HP A7143A RAID160 SA Controller Support Guide

Hard Drive Installation and Replacement
Compromised Fault Tolerance
Appendix C146
Compromised Fault Tolerance
Compromised fault tolerance commonly occurs when more physical disks
have failed than the fault-tolerance method can endure. In this case, the
logical volume is failed and unrecoverable disk error messages are
returned to the host. Data loss is likely to occur.
An example of this situation would be an array configured with RAID 5
fault tolerance, in which one drive fails, while another drive in the same
array is still being rebuilt. If the array has no online spare, the logical
drive will fail.
Compromised fault tolerance may also be caused by non-drive problems,
such as temporary power loss to a storage system or a faulty cable. In
such cases, the physical drives do not need to be replaced. However, data
may still have been lost, especially if the system was busy at the time
that the problem occurred.
Example C-1 Procedure to Attempt Recovery
When fault tolerance has been compromised, inserting replacement
drives does not improve the condition of the logical volume. Instead, if
your screen displays unrecoverable error messages, try the following
procedure to recover data.
Power down the StorageWorks disk enclosure, and then power it back
up. In some cases, a marginal drive will work again for long enough to
allow you to make copies of important files.
Make copies of important data, if possible.
Replace any failed disks.
After the failed disks have been replaced, the fault tolerance may again
be compromised. If so, cycle the power again.

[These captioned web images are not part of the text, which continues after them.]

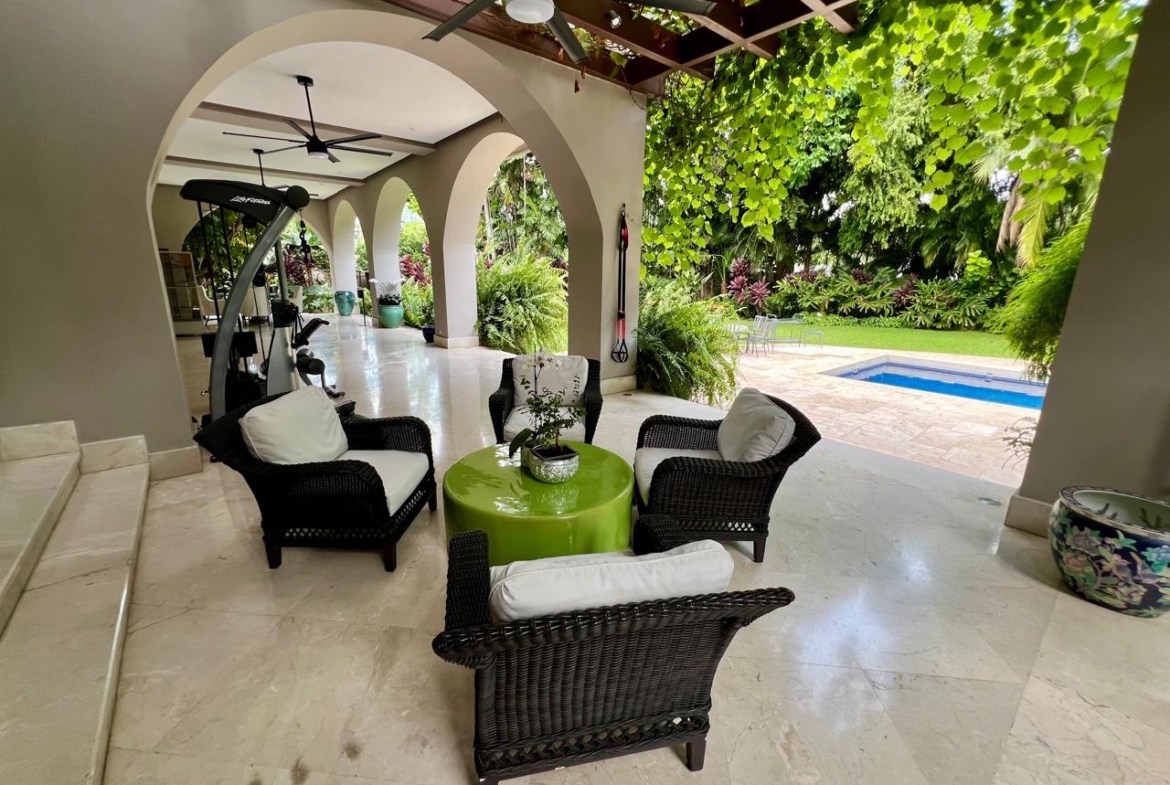 ALTOS DEL GOLF MANSIÓN EN VENTA O ALQUILER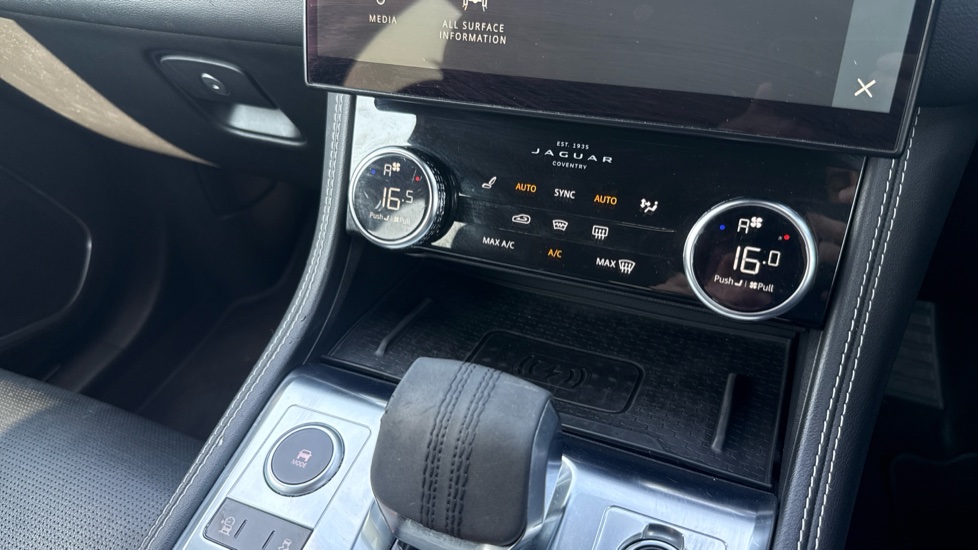 Jaguar F-Pace 2.0 P250 R-Dynamic SE 5dr Auto AWD Petrol Estate - Image 52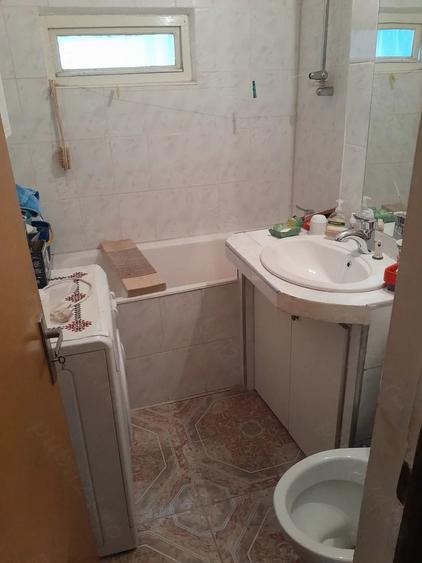 Apartament cu 2 camere semidecomandat în Sud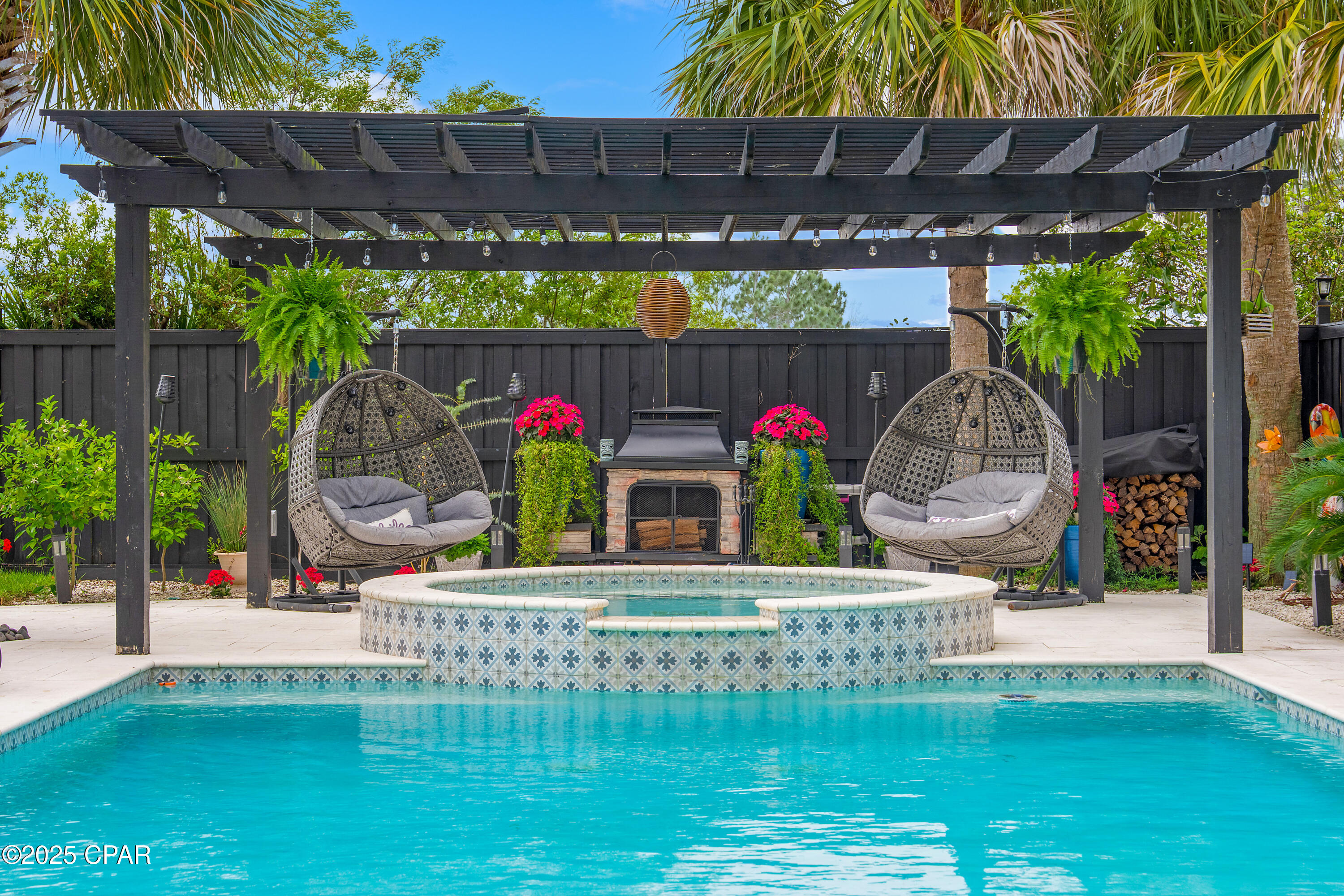 Image 6 For 306 Coconut Grove Court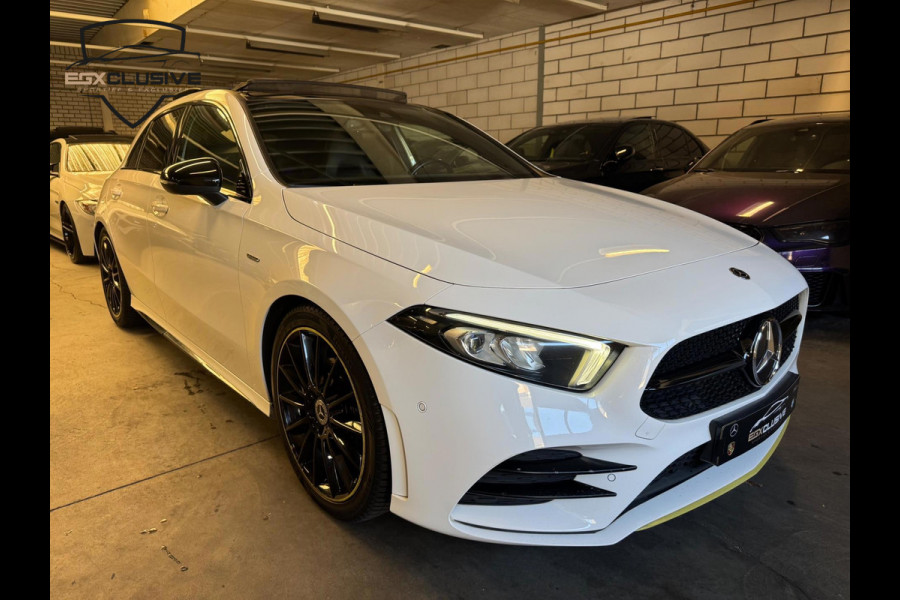 Mercedes-Benz A-Klasse 200 Premium Plus AMG Edition Pano/Camera/Ambiente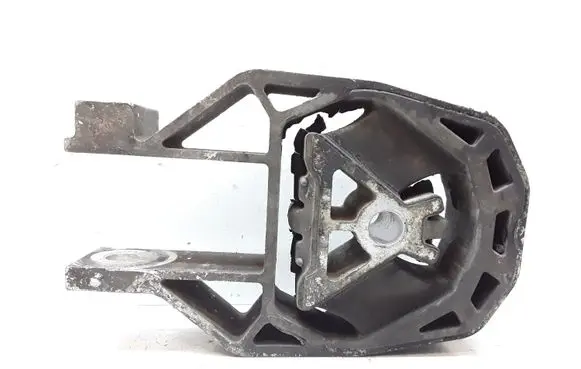 Volvo C30 Engine mount bracket AV616F082AB
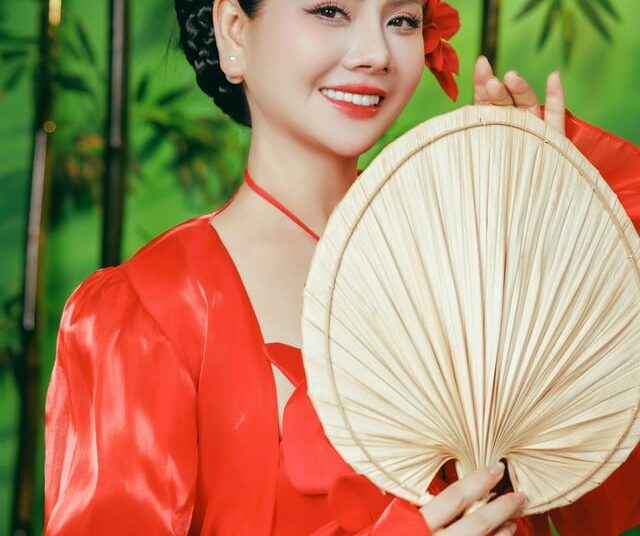 La capitana y cantante Luong Nguyet Anh revela detalles de su vida a los 36 años - Foto 1.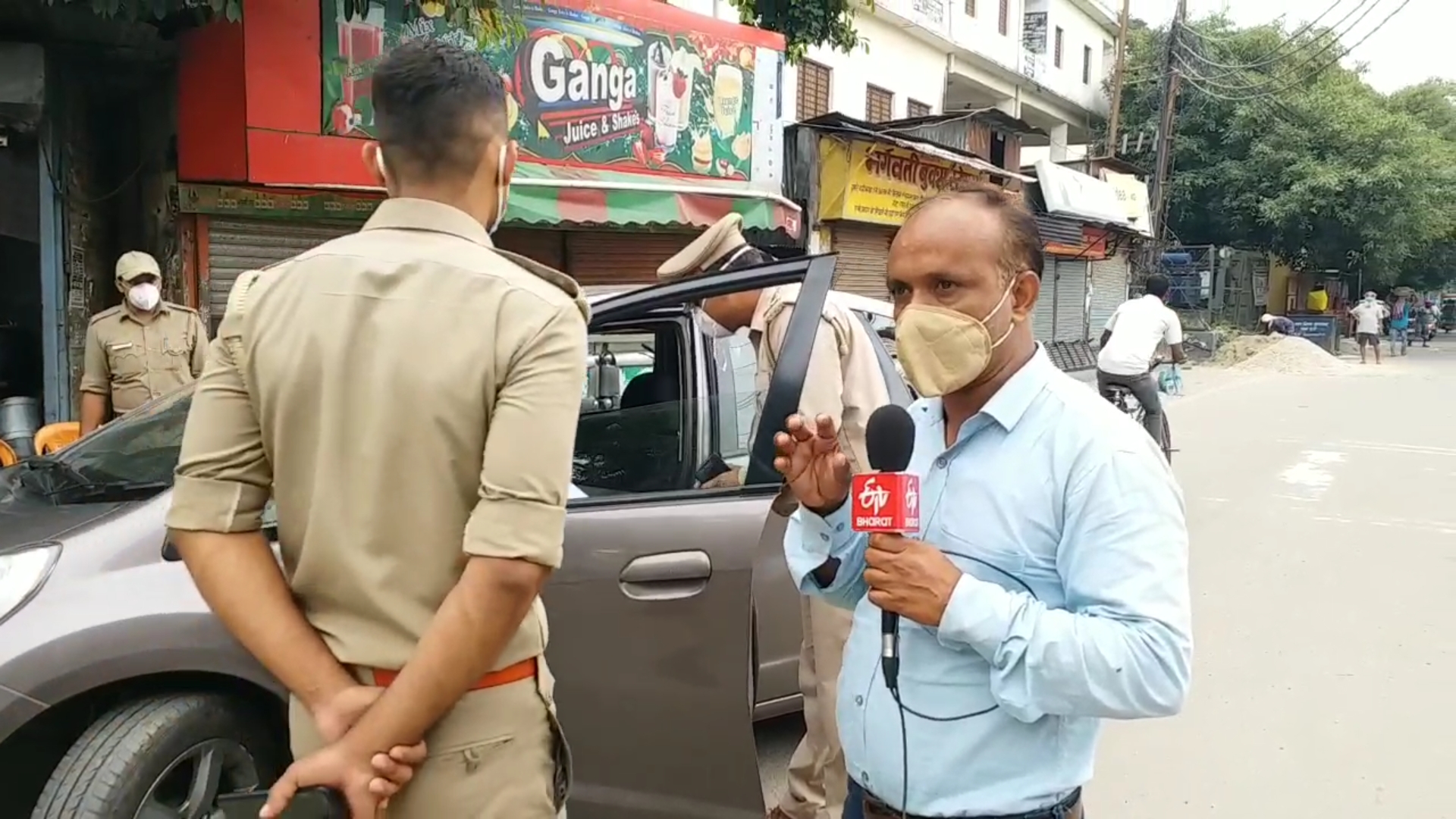 strict police checking regarding weekly lockdown in moradabad uttar pradesh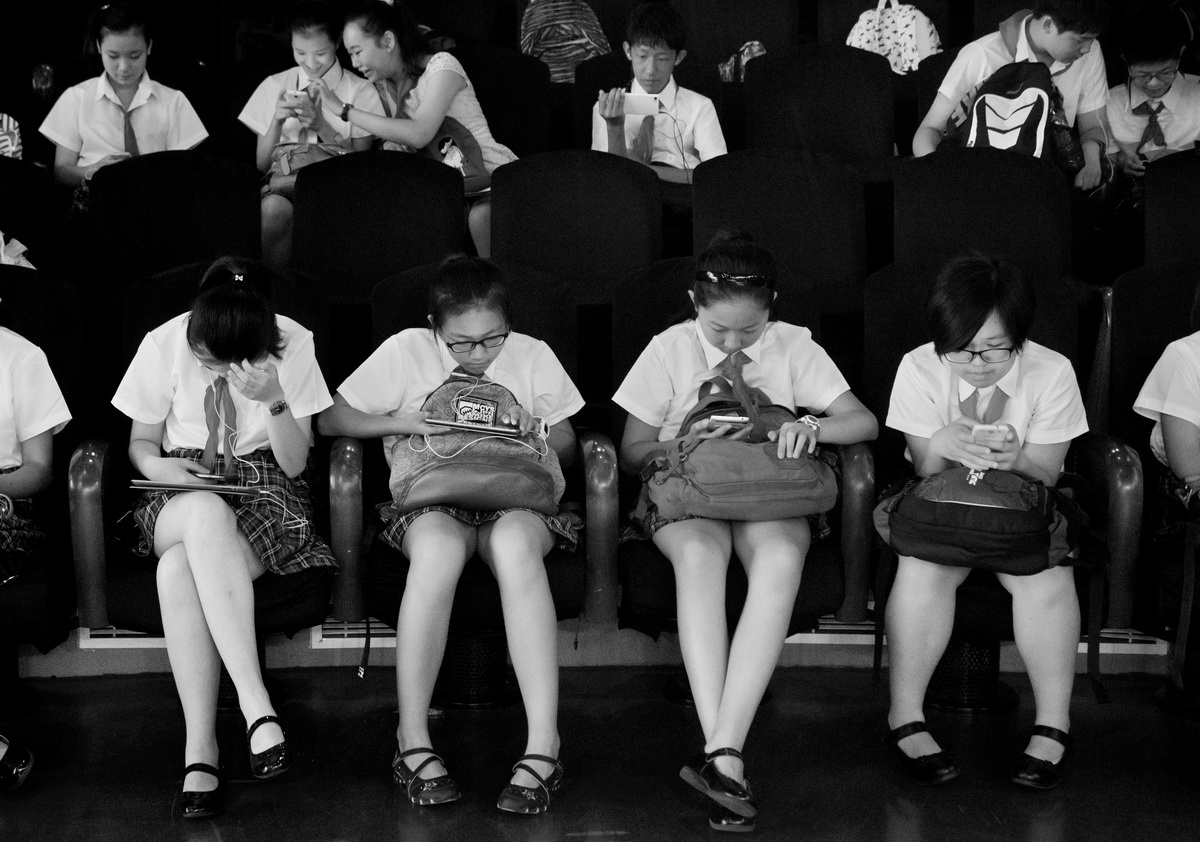 低头族 - 纪实, 上海, 城市, 我想和玛格南大师街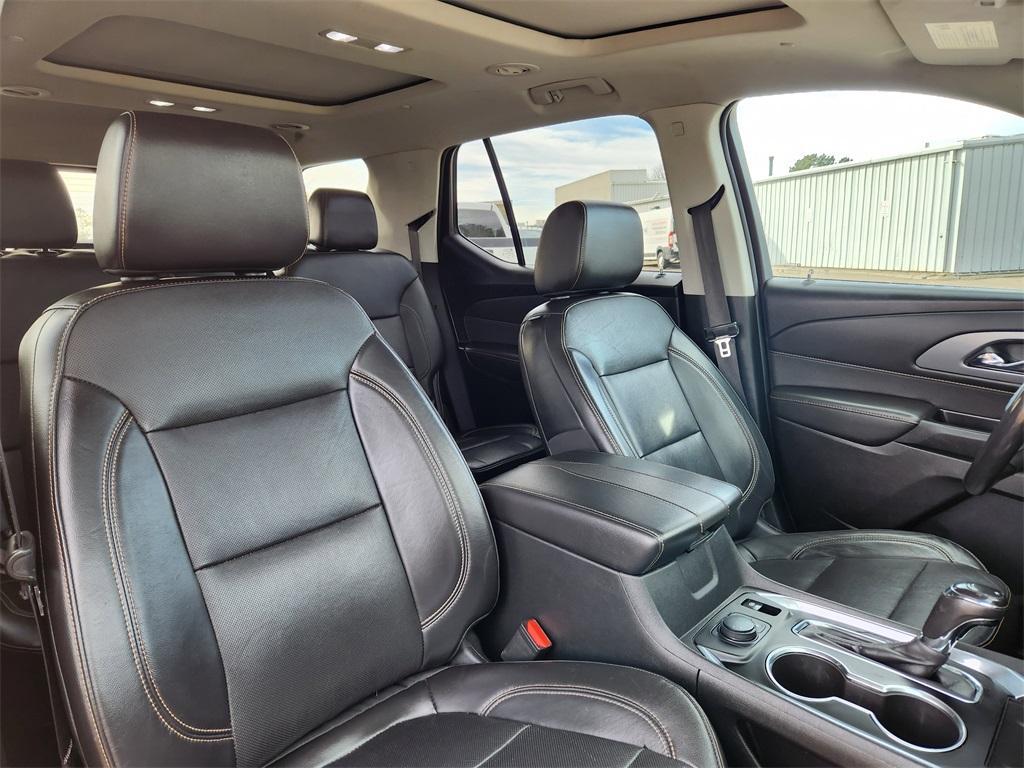 used 2020 Chevrolet Traverse car, priced at $22,777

Run the sautil <device_file> accept_media_xchg
<logical_drive_number> command on the affected logical drive. This
will restore the logical drive’s configuration. Now restore your data from
backup media (see “sautil <device_file> accept_media_xchg
<logical_drive_number>” on page 129).
To minimize the risk of data loss due to compromised fault tolerance,
make frequent backups of all logical volumes.